The ‘Swinging Sixties’ remains as the most significant decade in British history which we can’t help but look back on with envy. It had everything, after all. The teenager took flight, each one armed with an amplified, pubescent voice and a sense of individuality. There was music – soul-enriching, get-up-and-just-dance music – with the likes of The Beatles and The Rolling Stones providing the decade with a soundtrack that still reverberates with us today through white headphones. There was England’s triumph over West Germany in the 1966 FIFA World Cup Final and if the decade had a metaphorical taste of sweetness, it would be a direct result of that victory.
Fashion also became more experimental and expressive, not to mention colourful and brilliantly juxtaposed the drabness of the previous two decades. Then, there’s technology, with all the above transmitted through colour television sets that became a household accessory. Indeed, what a time to be alive. Last but by no means least, there was the cinema and film, and via this rectangular medium, Curry & Paxton came into play culturally.
If you were to think of one actor or actress that embodied sixties swagger, it would be Michael Caine. Born Maurice Joseph Micklewhite Jr. – not quite as strong a name as Michael Caine, don’t you think? – in 1933, he was your typical, cocksure east-ender, a boy-done-good character with wispy-blonde hair and a handsome face who became the nation’s favourite for his various roles in TV and film.
In 2006, Michael Caine’s "Yvan" tortoiseshell optical glasses from The Ipcress File went on auction at Christie’s and fetched £6,600 which provides us with comforting evidence of Curry & Paxton’s role in defining Britain’s poster boy for sixties swagger.
Michael Caine wore tortoiseshell Yvan spectacles and sunglasses from Curry & Paxton throughout the 1960s. The film that Curry & Paxton appeared in first was The Ipcress File (1965), which was the first of the Harry Palmer series. Based on the novels by Len Deighton, they were the antithesis of the super-smooth spy films, such as James Bond, that was the prevailing genre at the time. Funeral In Berlin followed in 1966 and Billion Dollar Brain the year after, and throughout the three movies, Caine wore tortoiseshell Yvan spectacles, whether in his pyjamas grinding coffee beans, in a spy-beige mackintosh or a grand winter-conquering coat, the frames are instantly recognisable via the hexagonally arranged pin work around the hinged temples.
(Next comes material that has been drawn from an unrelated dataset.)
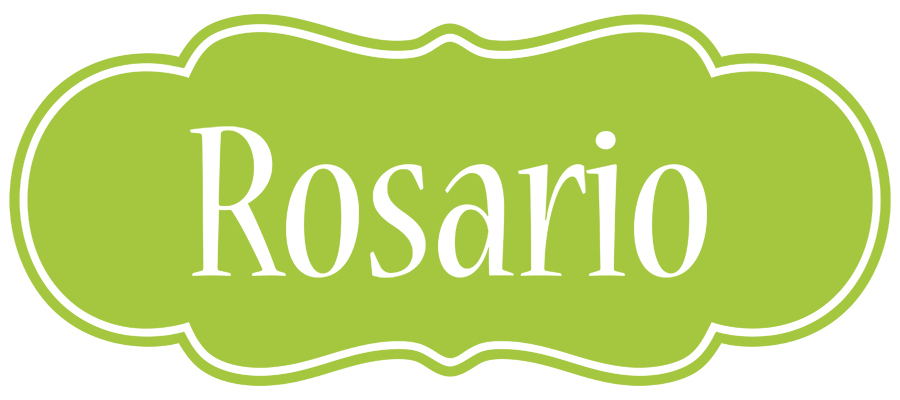 Rosario family logo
It wasn’t just in character that Michael Caine wore Curry & Paxton’s Yvan model as there are photographs of him socialising with friends or sharing a moment with various lovers, such as the Nicaraguan model Bianca De Macias who later became Bianca Jagger, looking splendid as ever with the Yvan frames perched on the bridge of his nose.
Roll on a few years to 1969 and Caine starred in his magnum opus, The Italian Job (1969). It’s one of the most celebrated films ever from a fashion point of view and Caine upgraded his Yvan spectacles with sunglasses.
He only wears them in one scene but it’s a scene that you’ll be hard-pressed to forget. This is of course in the airport in Turin while he’s trying to safely evade the mafia with his girlfriend Lorna.
All in all, it gives us immense pleasure to know Curry & Paxton’s undeniable involvement in such a decade that exuded style, sophistication and unapologetic glamour, and also its patronage by one of the most celebrated subjects of the 20th century. So, for that, we’d like to say thank you, Michael.